Нам, восточным парням, свойственны как скромность, так и беспощадность.

Я не хочу тебе льстить, поэтому пишу как есть. В твоем облике я увидел любовь, доброту, уверенность, а также незримую красоту — те качества, которых не замечал у белых женщин.

У меня появилось желание долго разговаривать с тобой, не скрывая своего удивления.

Жаль, что ты ушла…

Жду доброго времени — времени встречи.

Твой турецкий мальчик“.

Прочтя подпись, Настя сразу представила себе статуэтку „Турецкий мальчик“ с улыбкой, как у фарфорового китайчонка периода культурной революции и с гиперболизированным предметом на том месте, которое избрал для художественных экспериментов при изображении жеребцов Настин давний приятель анималист-портретист.

— Что это такое? — спросила она.

— Понимаешь, я когда-то помог Улугбеку составить послание, он текст переписал начисто, а черновик оставил для пущего непредвиденного случая, чтобы больше ни к кому не обращаться за помощью, Ты же понимаешь, как он по-русски…

— А Зульфия, значит, нашла этот образчик вашего коллективного творчества?

— Ну, да. И полчаса меня допрашивала, была здесь некая Татьяна или нет.

— Забавно.

— Слушай, Настя, ты б зашла к ней, успокоила как женщина женщину. Все-таки, я не смог. Беременная она ведь.

В соседней комнате шел оживленный разговор. Настя постучалась, двери открыла сама Зульфия:

— Настя-джан, заходи.

Улугбек стоял у окна, и вид у него был, как у побитой собаки. Зульфия сразу же перешла на „великий и могучий“, который, как оказалось, знала намного лучше, чем муж.

— Вот, Настя-ханум, посмотри на него! Бабник! Гуляка! Зачем женщин водишь?

Улугбек покраснел настолько, насколько позволял цвет его лица.

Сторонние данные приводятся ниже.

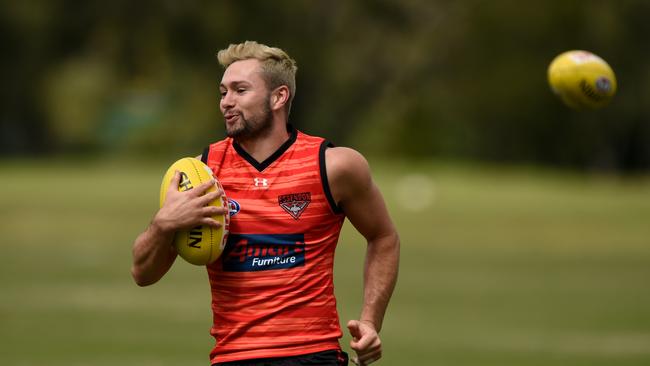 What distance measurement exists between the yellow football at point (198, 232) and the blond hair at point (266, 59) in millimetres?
509

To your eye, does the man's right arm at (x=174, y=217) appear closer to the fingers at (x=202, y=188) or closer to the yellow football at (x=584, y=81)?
the fingers at (x=202, y=188)

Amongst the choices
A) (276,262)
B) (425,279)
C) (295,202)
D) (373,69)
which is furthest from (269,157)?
(373,69)

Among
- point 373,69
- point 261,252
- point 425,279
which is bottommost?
point 425,279

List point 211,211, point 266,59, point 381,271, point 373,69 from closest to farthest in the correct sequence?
1. point 211,211
2. point 266,59
3. point 381,271
4. point 373,69

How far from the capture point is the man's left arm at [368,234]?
5.73 m

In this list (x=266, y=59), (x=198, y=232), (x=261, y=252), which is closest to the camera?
(x=198, y=232)

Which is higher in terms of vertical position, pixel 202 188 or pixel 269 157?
pixel 269 157

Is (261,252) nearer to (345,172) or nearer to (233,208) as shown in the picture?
(233,208)

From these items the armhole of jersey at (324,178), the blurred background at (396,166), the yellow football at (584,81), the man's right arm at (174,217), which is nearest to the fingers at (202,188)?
the man's right arm at (174,217)

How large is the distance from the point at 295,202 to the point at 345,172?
0.84 ft

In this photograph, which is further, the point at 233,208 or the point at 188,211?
the point at 233,208

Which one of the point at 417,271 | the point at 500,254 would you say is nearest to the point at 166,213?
the point at 417,271

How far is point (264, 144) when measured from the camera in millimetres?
5887

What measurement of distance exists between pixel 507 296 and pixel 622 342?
4370 millimetres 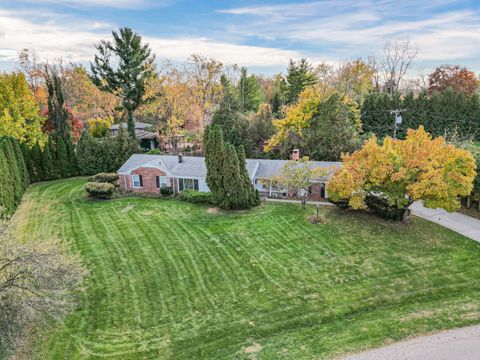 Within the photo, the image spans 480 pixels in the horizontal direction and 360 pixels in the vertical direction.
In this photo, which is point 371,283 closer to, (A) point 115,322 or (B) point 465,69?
(A) point 115,322

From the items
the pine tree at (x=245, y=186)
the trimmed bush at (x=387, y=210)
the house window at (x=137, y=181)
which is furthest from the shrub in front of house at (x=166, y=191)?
the trimmed bush at (x=387, y=210)

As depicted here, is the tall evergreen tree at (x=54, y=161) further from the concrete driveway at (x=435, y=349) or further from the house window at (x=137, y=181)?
the concrete driveway at (x=435, y=349)

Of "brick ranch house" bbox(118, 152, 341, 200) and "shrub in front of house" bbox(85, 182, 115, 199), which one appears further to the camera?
"brick ranch house" bbox(118, 152, 341, 200)

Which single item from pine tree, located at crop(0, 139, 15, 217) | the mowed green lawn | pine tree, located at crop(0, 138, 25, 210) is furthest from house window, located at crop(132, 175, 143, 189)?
pine tree, located at crop(0, 139, 15, 217)

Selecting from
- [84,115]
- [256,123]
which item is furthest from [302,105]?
[84,115]

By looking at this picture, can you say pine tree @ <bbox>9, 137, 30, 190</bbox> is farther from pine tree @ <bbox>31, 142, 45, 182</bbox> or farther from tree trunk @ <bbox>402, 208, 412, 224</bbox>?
tree trunk @ <bbox>402, 208, 412, 224</bbox> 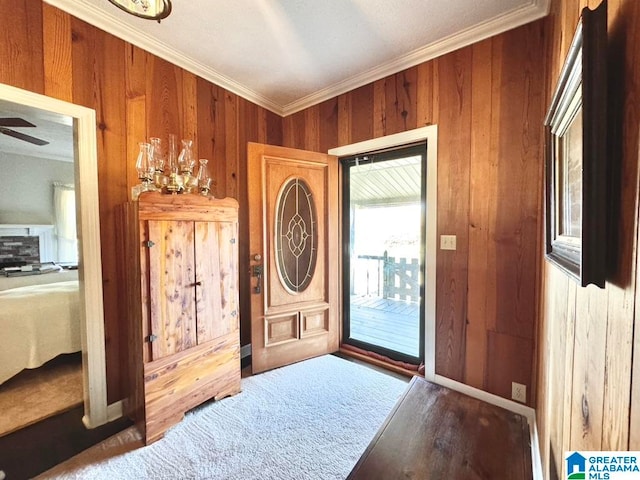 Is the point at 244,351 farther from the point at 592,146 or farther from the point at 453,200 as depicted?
the point at 592,146

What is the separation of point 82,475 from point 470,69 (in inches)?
137

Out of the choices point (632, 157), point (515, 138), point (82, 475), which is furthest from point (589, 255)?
point (82, 475)

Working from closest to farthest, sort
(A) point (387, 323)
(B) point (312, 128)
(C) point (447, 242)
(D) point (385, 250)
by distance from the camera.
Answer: (C) point (447, 242) < (B) point (312, 128) < (A) point (387, 323) < (D) point (385, 250)

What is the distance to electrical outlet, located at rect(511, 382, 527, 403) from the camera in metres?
1.84

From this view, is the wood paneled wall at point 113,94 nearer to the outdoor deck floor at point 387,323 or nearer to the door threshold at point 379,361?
the door threshold at point 379,361

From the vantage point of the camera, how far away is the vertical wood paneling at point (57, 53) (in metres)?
1.62

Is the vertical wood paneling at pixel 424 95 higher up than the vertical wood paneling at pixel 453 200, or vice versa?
the vertical wood paneling at pixel 424 95

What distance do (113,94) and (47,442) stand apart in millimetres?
2280

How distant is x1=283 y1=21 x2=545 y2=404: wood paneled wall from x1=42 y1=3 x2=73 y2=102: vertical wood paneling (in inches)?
90.6

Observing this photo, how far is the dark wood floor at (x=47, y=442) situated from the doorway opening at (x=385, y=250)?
209 centimetres

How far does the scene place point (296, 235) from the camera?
106 inches

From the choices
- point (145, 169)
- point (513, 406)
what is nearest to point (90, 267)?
point (145, 169)

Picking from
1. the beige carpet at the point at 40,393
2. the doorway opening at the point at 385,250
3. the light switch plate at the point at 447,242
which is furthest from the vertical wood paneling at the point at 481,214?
the beige carpet at the point at 40,393

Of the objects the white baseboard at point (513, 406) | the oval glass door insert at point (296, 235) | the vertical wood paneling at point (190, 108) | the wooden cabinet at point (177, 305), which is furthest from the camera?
the oval glass door insert at point (296, 235)
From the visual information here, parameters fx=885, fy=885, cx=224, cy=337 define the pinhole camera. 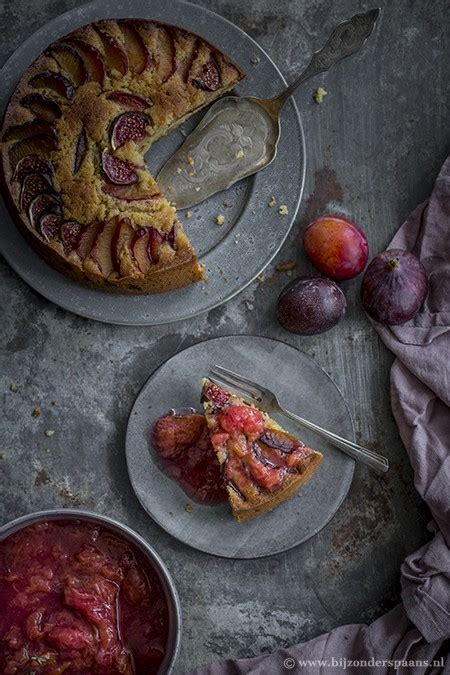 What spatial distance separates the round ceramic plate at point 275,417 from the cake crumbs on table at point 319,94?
40.4 inches

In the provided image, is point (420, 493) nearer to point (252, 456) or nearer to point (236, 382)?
point (252, 456)

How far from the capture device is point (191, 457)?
3.42 m

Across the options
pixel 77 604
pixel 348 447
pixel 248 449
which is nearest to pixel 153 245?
pixel 248 449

— Тра-та-та-та! — ответил он что-то.

Насте послышалось именно „тра-та-та-та“.

— Что? Сам ты какой? Вэрблюд ты, вэрблюд.

— Кто я? Кто? — Улугбек быстро снял с полки толстенный русско-узбекский словарь и стал нервно просматривать все на букву „в“. Докопавшись до истины, он побелел от злости.

— Я? Я — „тра-та“? Ты посмел меня так назвать, презренный женщина!

Он выскочил из комнаты, словно за ним и вправду гнался двухгорбый плевака, пригодный в условиях Европы разве что для производства одеял. Зульфия, еще мгновение назад никак не проявлявшая восточной покорности, теперь присела на край кровати и горько, как все женщины мира, заплакала. Настя подсела к ней и нежно погладила ее руку.

— Не плачь. Все образуется.

— Ах, Настя, у нас будет третий ребенок, а он, — она повысила голос, указывая в сторону двери, — он хочет других женщин. В прошлом году он ездил в Бухару и провел там два дня с девушкой.

— Ну, два дня — это ничего, — успокаивала ее Настя.

— Два дня и одну ночь! Одну ночь. — Она подняла указательный палец вверх, очевидно, для большей наглядности.

— А может быть, это неправда?

— Правда! Девушка приезжала ко мне в Ташкент и просила отдать мужа.

Будучи не в состоянии самостоятельно разобраться в сложных окологаремных интригах, Настя спросила:

— Но почему она приезжала к тебе? Ведь есть же еще и Амина.

Зульфия вздрогнула, гневно сверкнула глазами и сказала:

— Я ее ненавижу, эту женщину. У нее пять детей — пусть их смотрит.

— Что-то я не понимаю. Вы же обе вроде как жены? — допытывалась Настя, не замечая, как любопытство вытесняет чувство такта.

— Я жена. А она детей своих смотрит. Там детей вагон и маленькая тележка. Но она такая подлая, не хотела, чтобы он на мне женился. — От Зульфии исходили волны ненависти, достойные пушкинской Земфиры.

Анастасия поняла, что ревнуют восточные женщины точно так же, как и западные. И что ничуть не меньше, чем она сама, Зульфия хочет быть любимой и защищенной. „Что это — свидетельство взаимопроникновения двух культур, двух систем жизни, двух религий? — задавалась вопросом Настя. — Или просто проявление извечных земных отношений между мужчиной и женщиной?“

Ростислав интересовался историей мировой культуры, и в собранной им библиотеке она пыталась найти ответы на некоторые из этих вопросов.

Сначала Настя нашла в „Священном коране“ главу „Аль-Ниса“, что означает „Женщина“.

„И если вы боитесь, что не будете честны в вашем обхождении с сиротами, то возьмите в жены себе из женщин, сколько вам желательно, двух, трех или четырех; а если вы боитесь, что не будете поступать по справедливости, то возьмите в жены только одну или же из принадлежащих правым рукам вашим. Это — ближайший путь для вас к избежанию несправедливости“. Из этого отрывка она смогла понять только то, что мужчина может взять себе четыре жены.